Autism & Developmental

The effect of the adapted soccer programme on motor learning and psychosocial behaviour in adolescents with Down syndrome.

Perić et al. (2022) · Journal of intellectual disability research : JIDR 2022
★ The Verdict

Twice-weekly adapted soccer cuts aggression and anxiety in Down-syndrome teens faster than it builds motor skills.

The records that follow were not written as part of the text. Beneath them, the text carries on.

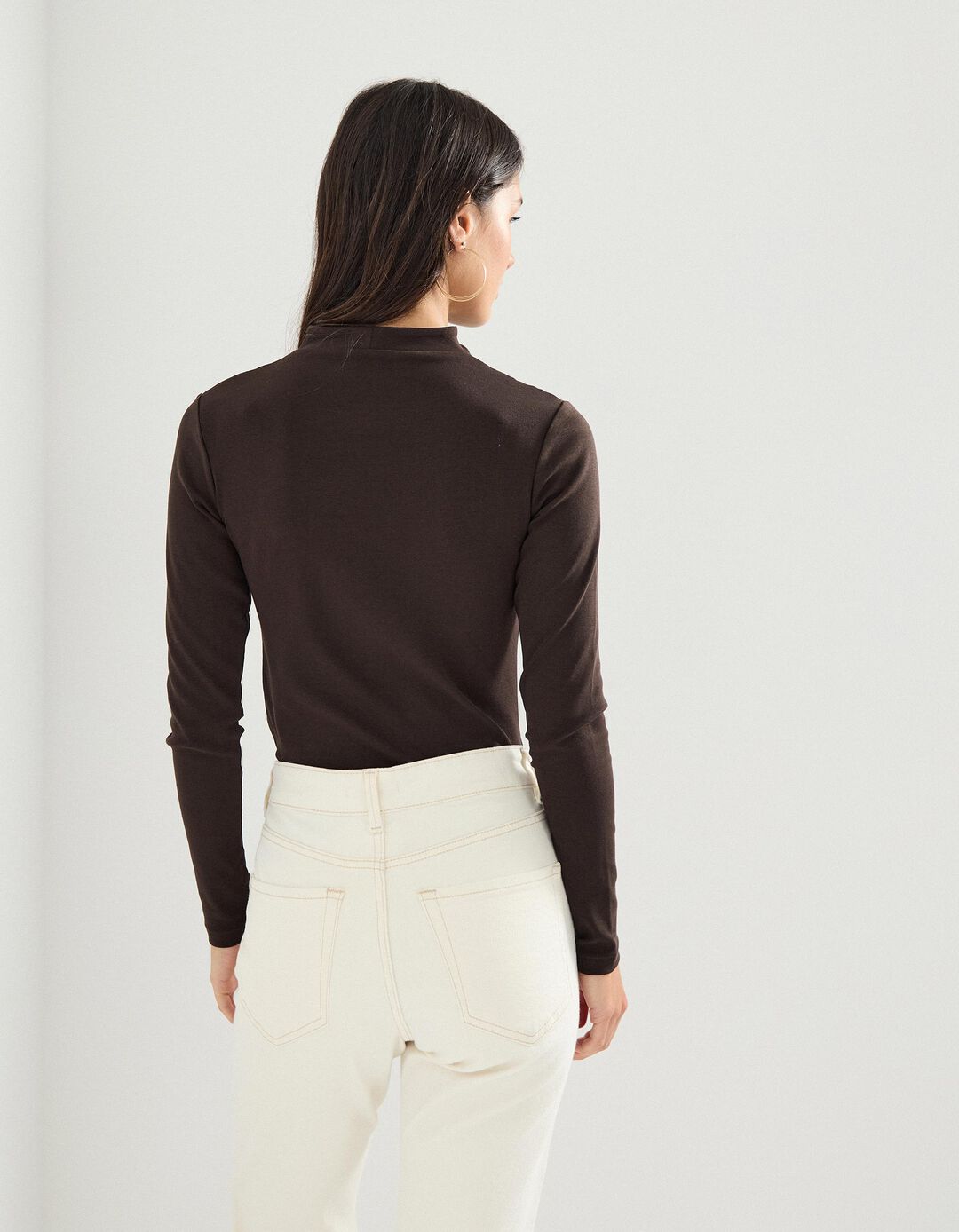 Camisola com Gola Alta, Mulher, Castanho Escuro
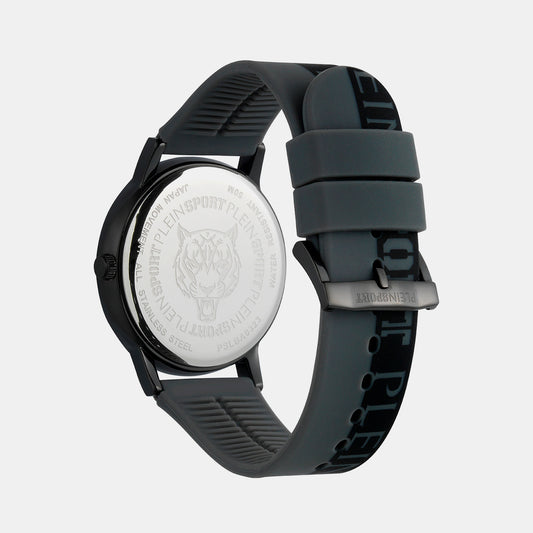 Men Quartz Black Dial Analog Silicone Watch PSLBA0323 Plein Sports 44 mm Round Quartz watch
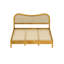 Lit plateforme en bois Boho avec tête de lit courbée en rotin-186585097-186585332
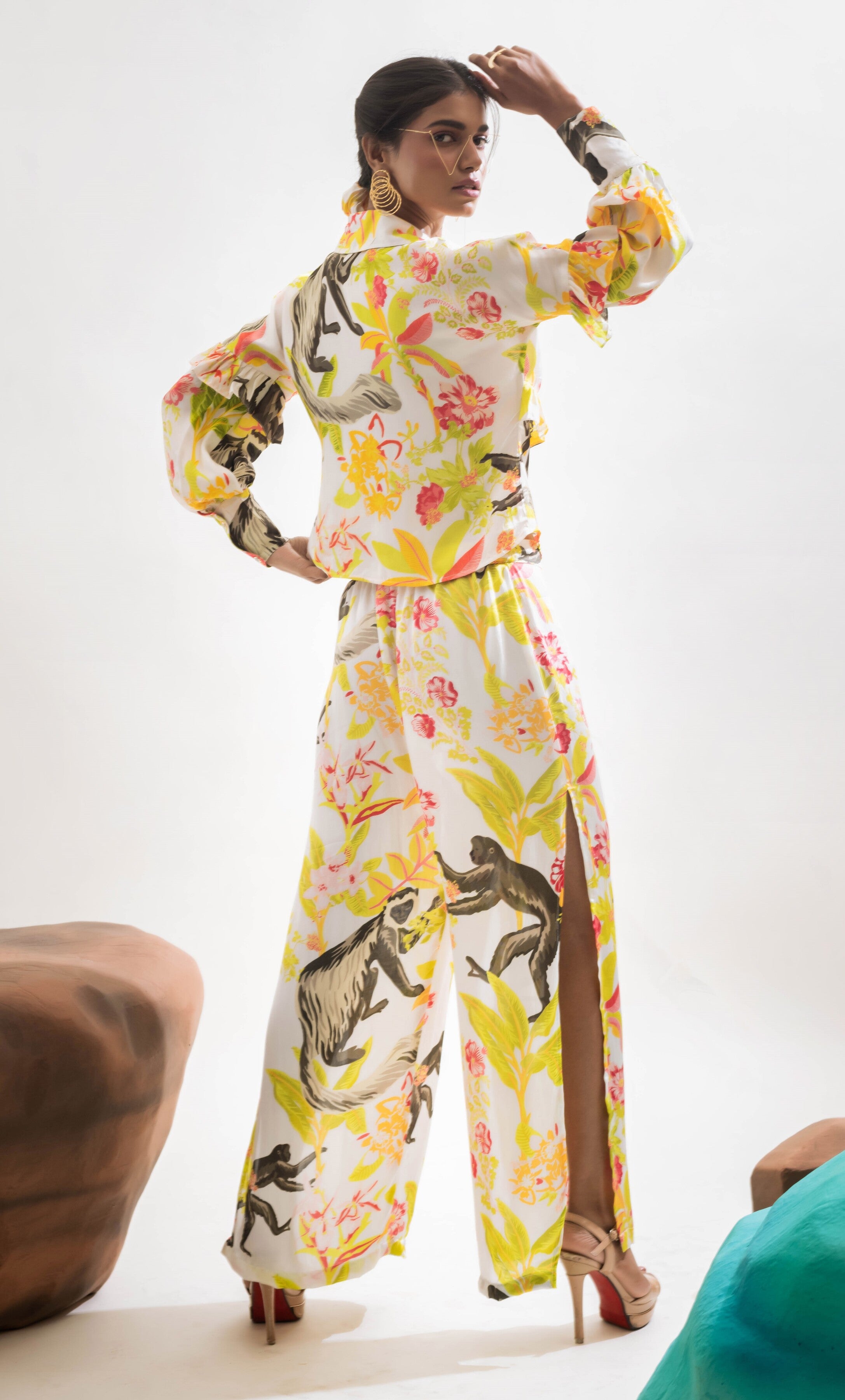 Frill Shirt & Slit Pants Co-ord Set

✓ Read this if BCBAs serving teens with Down syndrome in schools or community programs.
✗ Skip if Clinicians focused only on severe physical delays or adults over 21.

01Research in Context

01

What this study did

Researchers ran a 16-week soccer program for teens with Down syndrome. Kids met twice a week for adapted practices and small games.

The team used a coin flip to place each teen in soccer or a wait-list. They tracked mood, behavior, and simple motor tasks.

02

What they found

Soccer teens showed medium drops in aggression, anxiety, and depression. Attention and social skills also improved.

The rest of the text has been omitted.